*** Records shown

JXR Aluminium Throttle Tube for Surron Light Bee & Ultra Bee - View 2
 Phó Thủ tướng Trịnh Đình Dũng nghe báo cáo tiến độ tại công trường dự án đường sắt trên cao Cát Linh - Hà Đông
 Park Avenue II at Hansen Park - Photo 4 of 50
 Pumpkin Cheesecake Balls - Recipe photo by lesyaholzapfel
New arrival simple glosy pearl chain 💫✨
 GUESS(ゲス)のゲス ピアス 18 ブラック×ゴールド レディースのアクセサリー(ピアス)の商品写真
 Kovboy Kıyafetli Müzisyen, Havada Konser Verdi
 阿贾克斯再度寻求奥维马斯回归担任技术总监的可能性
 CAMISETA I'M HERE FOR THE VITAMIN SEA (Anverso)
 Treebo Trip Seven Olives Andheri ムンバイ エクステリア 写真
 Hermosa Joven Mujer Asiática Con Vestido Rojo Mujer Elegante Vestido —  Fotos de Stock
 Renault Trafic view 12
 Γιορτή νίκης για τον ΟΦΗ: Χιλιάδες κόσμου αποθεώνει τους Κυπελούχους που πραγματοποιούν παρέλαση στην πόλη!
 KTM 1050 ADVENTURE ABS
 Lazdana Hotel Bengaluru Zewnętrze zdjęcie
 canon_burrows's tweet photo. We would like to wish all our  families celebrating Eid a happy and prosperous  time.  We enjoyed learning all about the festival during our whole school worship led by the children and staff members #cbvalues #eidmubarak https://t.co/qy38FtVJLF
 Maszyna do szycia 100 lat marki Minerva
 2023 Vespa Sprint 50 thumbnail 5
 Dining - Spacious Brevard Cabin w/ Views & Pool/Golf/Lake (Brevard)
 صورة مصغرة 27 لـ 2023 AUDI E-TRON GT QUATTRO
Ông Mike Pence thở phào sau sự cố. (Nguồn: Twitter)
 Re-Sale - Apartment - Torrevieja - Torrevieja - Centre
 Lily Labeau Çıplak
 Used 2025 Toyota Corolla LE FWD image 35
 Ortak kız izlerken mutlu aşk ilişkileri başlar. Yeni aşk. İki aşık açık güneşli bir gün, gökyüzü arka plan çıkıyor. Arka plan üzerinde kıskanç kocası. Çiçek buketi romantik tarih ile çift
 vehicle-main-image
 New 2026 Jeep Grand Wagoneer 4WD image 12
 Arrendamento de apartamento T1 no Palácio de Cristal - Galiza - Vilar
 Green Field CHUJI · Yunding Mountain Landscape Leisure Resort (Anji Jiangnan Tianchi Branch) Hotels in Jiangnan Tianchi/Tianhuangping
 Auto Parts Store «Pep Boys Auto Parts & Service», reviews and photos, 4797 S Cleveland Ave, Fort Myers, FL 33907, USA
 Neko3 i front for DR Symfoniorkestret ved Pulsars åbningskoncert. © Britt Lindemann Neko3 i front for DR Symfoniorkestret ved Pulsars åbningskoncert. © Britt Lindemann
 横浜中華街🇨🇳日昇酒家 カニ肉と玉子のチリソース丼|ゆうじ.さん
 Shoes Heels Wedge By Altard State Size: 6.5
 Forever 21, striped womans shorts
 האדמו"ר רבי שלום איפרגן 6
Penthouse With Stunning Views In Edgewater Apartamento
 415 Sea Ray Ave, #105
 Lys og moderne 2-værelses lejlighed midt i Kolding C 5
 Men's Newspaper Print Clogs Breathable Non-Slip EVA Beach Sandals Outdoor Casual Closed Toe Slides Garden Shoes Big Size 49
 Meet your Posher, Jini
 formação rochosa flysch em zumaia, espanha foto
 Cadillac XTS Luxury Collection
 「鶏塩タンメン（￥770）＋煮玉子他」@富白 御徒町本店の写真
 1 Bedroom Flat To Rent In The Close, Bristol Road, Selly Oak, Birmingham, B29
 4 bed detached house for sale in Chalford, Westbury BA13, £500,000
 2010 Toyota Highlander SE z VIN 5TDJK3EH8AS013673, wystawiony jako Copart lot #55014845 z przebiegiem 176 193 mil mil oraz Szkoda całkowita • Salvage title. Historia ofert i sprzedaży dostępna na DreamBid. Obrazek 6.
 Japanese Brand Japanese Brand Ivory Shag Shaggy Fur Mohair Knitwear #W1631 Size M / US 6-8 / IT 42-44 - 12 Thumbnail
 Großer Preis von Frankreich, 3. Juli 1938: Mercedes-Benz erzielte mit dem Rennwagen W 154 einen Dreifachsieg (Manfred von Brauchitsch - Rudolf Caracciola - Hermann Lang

******

> **What to produce**: From the records above, return each line that includes "Size".

> **Solution for this task**:
 Shoes Heels Wedge By Altard State Size: 6.5
 Men's Newspaper Print Clogs Breathable Non-Slip EVA Beach Sandals Outdoor Casual Closed Toe Slides Garden Shoes Big Size 49
 Japanese Brand Japanese Brand Ivory Shag Shaggy Fur Mohair Knitwear #W1631 Size M / US 6-8 / IT 42-44 - 12 Thumbnail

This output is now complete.